Anfang Mai hatte die Klimaaktivistin und Grünen-Anhängerin Luisa Neubauer in der ARD-Talkshow „Anne Will“ Maaßen Antisemitismus vorgeworfen, der wies das zurück. CDU-Kanzlerkandidat Armin Laschet stellte sich hinter ihn. Doch Kramers Urteil dreieinhalb Monate vor der Bundestagswahl ist deutlich. Er stützt sich auch auf einen Essay von Maaßen und einem Co-Autor im neurechten Magazin „Cato“. Sie machen darin eine gesteuerte Zerstörung gewachsener Traditionen und Nationalkulturen aus. (…) Wie Kramer sieht es auch der Politikwissenschaftler Gideon Botsch. Er ist Leiter der Emil Julius Gumbel Forschungsstelle Antisemitismus und Rechtsextremismus am Moses Mendelssohn Zentrum Potsdam.
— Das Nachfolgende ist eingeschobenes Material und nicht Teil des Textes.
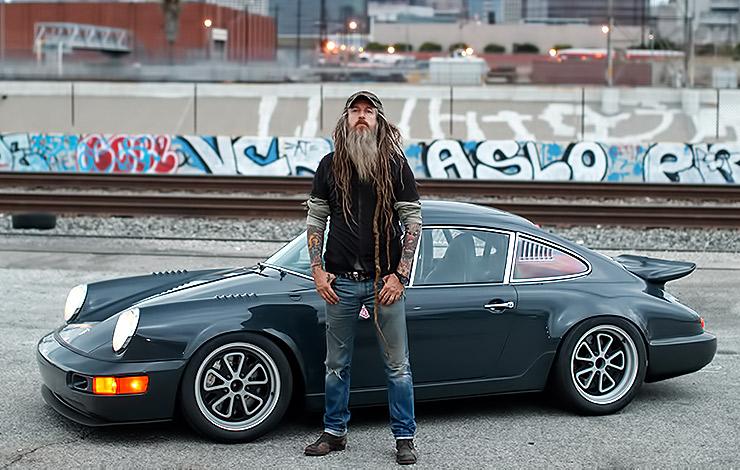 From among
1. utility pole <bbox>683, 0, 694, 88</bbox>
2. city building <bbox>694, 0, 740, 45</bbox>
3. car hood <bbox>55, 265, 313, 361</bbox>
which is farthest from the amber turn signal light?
city building <bbox>694, 0, 740, 45</bbox>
Er attestiert Maaßens Aussagen eine „inhaltliche Nähe zur offiziellen Programmatik der AfD und zu programmatischen Reden ihrer Integrationsfigur Gauland“. Über Maaßens Publikation sagt Botsch: „Aus Sicht der Antisemitismusforschung kann es keinen Zweifel geben, dass hier antisemitische Motive bedient werden. Insofern traf Luisa Neubauers Vorwurf durchaus den Kern. “Aus Sicht von Extremismusforscher Botsch „paraphrasiert Hans-Georg Maaßen auf sehr unoriginelle Weise den Ehrenvorsitzenden der AfD, Alexander Gauland“. Gauland habe bereit 2018 fast identische Gedanken publiziert wie nun Herr Maaßen im neurechten Cato-Magazin.Bei Gauland sei der sei der „antisemitischen Gehalt sehr schnell erkannt und kritisiert und sogar Parallelen zu Hitler-Reden gezogen“ worden. Bei Gauland werde „die gezielte Ansprache eines Publikums mit antisemitischen Grundeinstellungen“ deutlich. Es gehe um „Vorurteile und Konspirationserzählungen, die nun auch Maaßen aufgreift“. Wenn Maaßen tatsächlich nicht wissen sollte, dass er antisemitische Stereotype anspreche, „fragt sich umso mehr, was ihn für das Amt des Verfassungsschutzpräsidenten qualifiziert hat“, sagte Botsch.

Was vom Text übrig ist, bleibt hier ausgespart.